Investing.com -- Signs show that U.S. tariffs are finally weakening the Canadian economy, increasing the likelihood of Bank of Canada interest rate cuts at an aggressive pace, says Capital Economics. In a Friday report, the research firm pointed to a softening housing market as a main indicator, further reinforced by a decline in manufacturing sales volumes. 

The housing sector is leading the downturn, with April’s MLS Home Price Index falling 1.2% month-on-month, the steepest decline in several months. Annual house price inflation dropped to -3.4%, reinforcing expectations for a 5% annual decline in prices by the end of 2025.

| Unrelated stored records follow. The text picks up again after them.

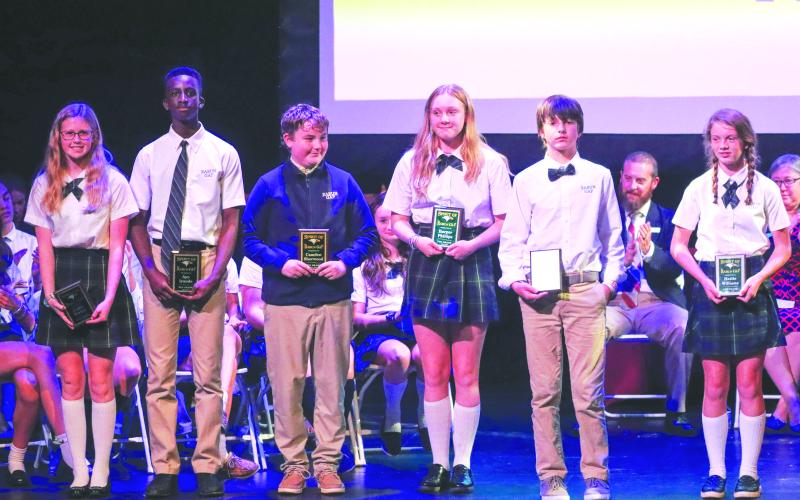 Submitted photo. Students pose with their Spirit of Rabun Gap Award. From left to right: Callie Parker of Franklin, N.C.; Ayo Iyanda of Atlanta; Camden Sherwood of Franklin, Ga.; Harper Phillips of Rabun Gap; Asa White of Rabun Gap; and Hattie Williams of Demorest, Ga.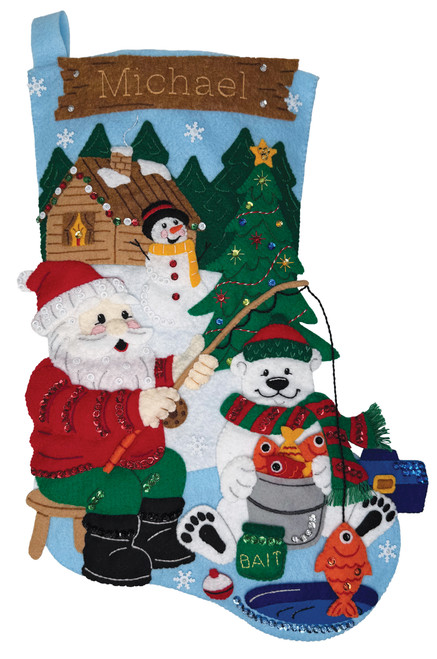 Hooked for the Holidays felt stocking kit featuring Santa and a polar bear ice fishing outside a snowy Christmas cabin. Bucilla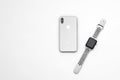 KYIV, UKRAINE - 26 JANUARY, 2018: New Iphone X smartphone model and apple watch close up. Newest Apple devices on white table in s Royalty Free Stock Photo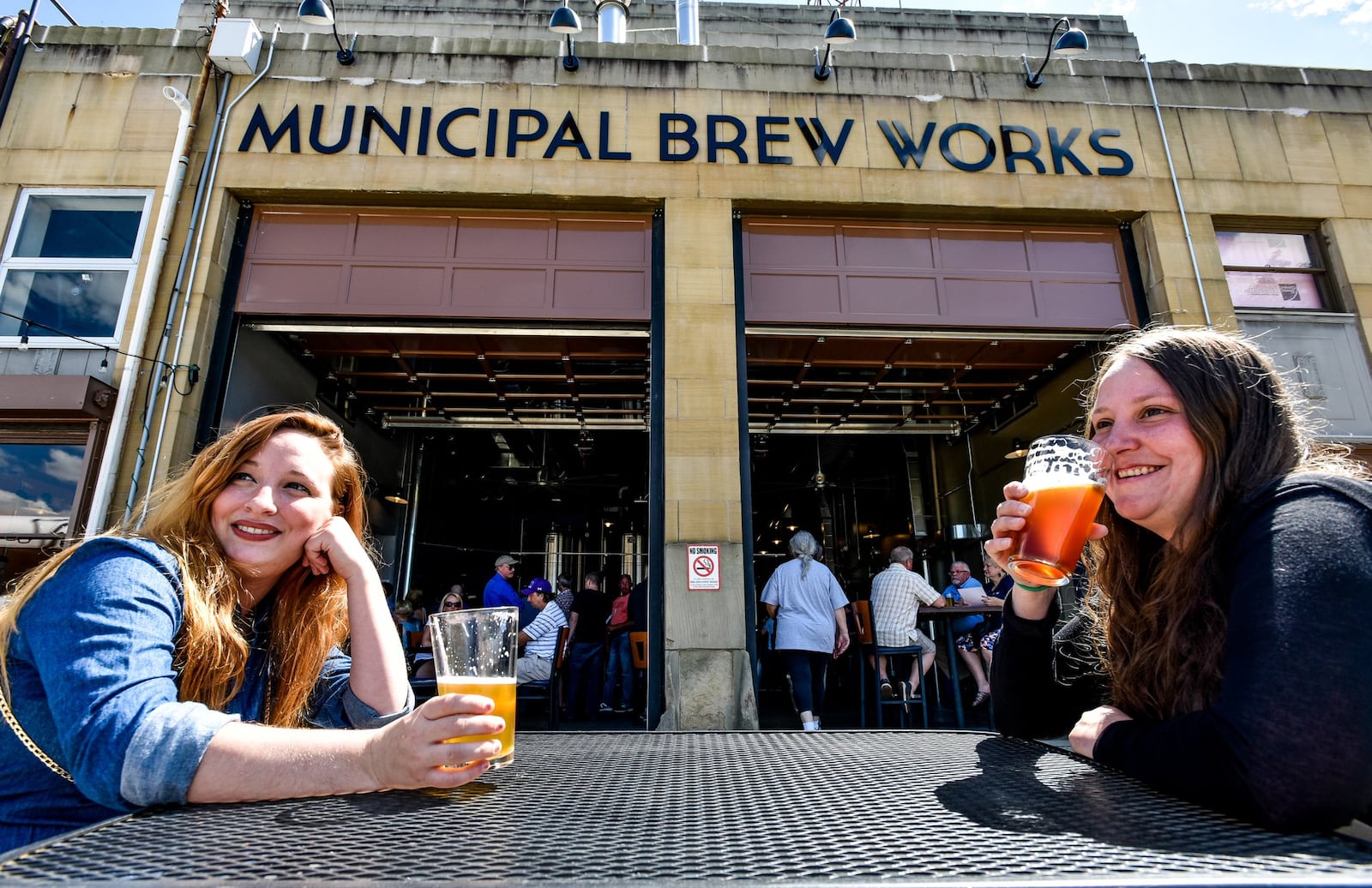 Kyla Oglesbee, left, and Sarah Shepherd try out the beers during the grand opening last June of Municipal Brew Works in Hamilton. The brewery has several special events planned this weekend to celebrate its first year in business. NICK GRAHAM/STAFF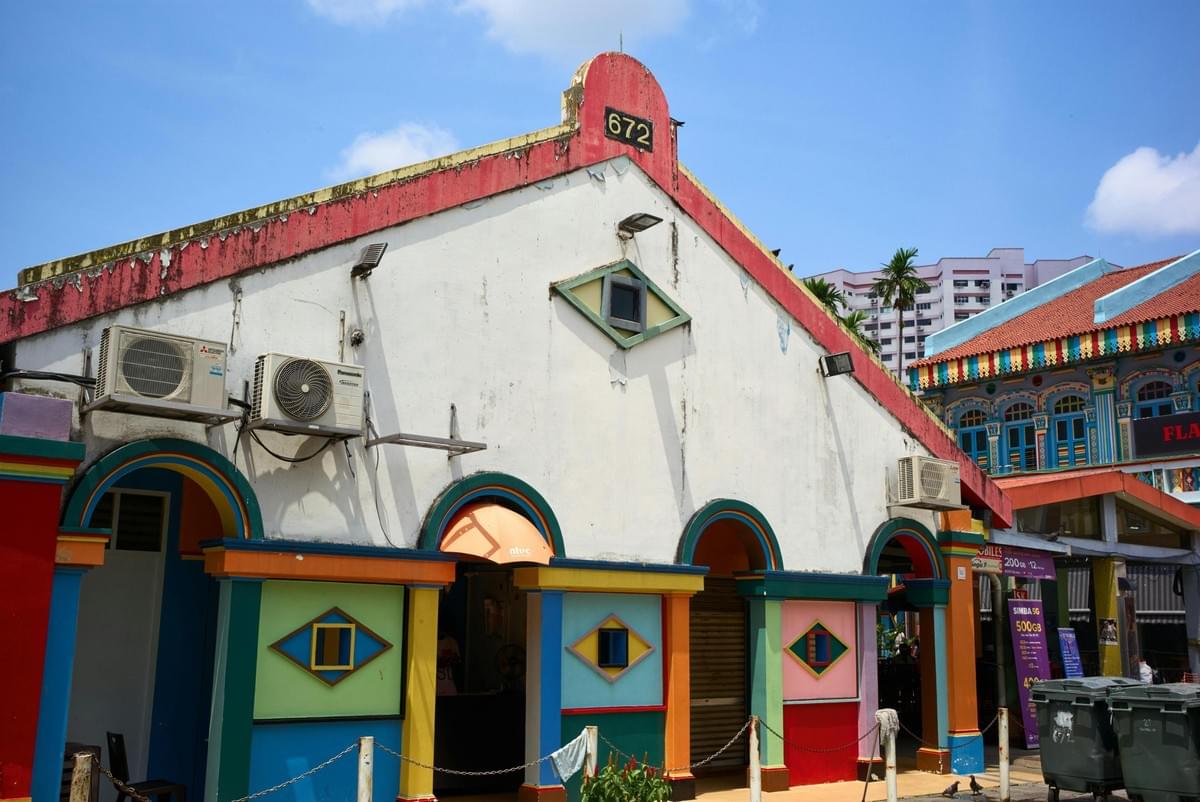 A vibrant, white-walled building features a distinctively shaped roofline marked with the number 672 and a small, diamond-shaped window resembling an eye. The building's lower level is adorned with a playful variety of bright colors, arched entryways, and geometric cutouts under a clear blue sky.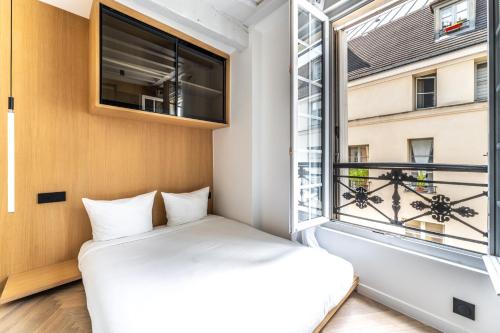 une chambre avec un lit et une fenêtre dans l'établissement Le Chic Marais Parisien, à Paris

Home sales remain soft, with overall transactions flat at 430,000 annualized units and new listings falling 1%, helping to stabilize the sales-to-new listings ratio. Capital Economics points to U.S. auto and steel tariffs, not weather, as the main driver of waning demand, especially among owner-occupiers.

Manufacturing is facing its own contraction, as March sales fell by 1.4% in nominal terms and 1.1% in real terms, the sharpest drop since mid-2024. Key subsectors like primary metals and motor vehicles suffered as tariff-driven front-loading of orders in prior months began to reverse.

Softer factory activity is now bleeding into the labor market, with manufacturing employment down 30,000 in April. Capital Economics expects this trend to continue as the full impact of U.S. trade measures works its way through domestic production and exports.

Consumer price data for April, due on May 20, may offer some relief to policymakers. Headline CPI is forecast to fall by 0.6% on the month, dragging the annual rate to 1.6%, while core trim inflation is expected to tick higher to 2.9% due to stronger goods prices.

Retail sales for March, due May 23, are expected to rebound 0.9% after February’s 0.4% decline. Lower gasoline prices and resilient demand, in spite of weakened confidence, suggest that households are still supporting modest GDP growth in Q2 2025.

Capital Economics forecasts GDP growth to slow to 0.7% annualized in both Q2 and Q3, with full-year growth expected at 1.6% for 2025 before slipping to 1.0% in 2026. “We think the Bank of Canada will need to lower interest rates more than markets are pricing in,” the firm wrote, projecting a policy rate of 2.00% by year-end, well below current market expectations.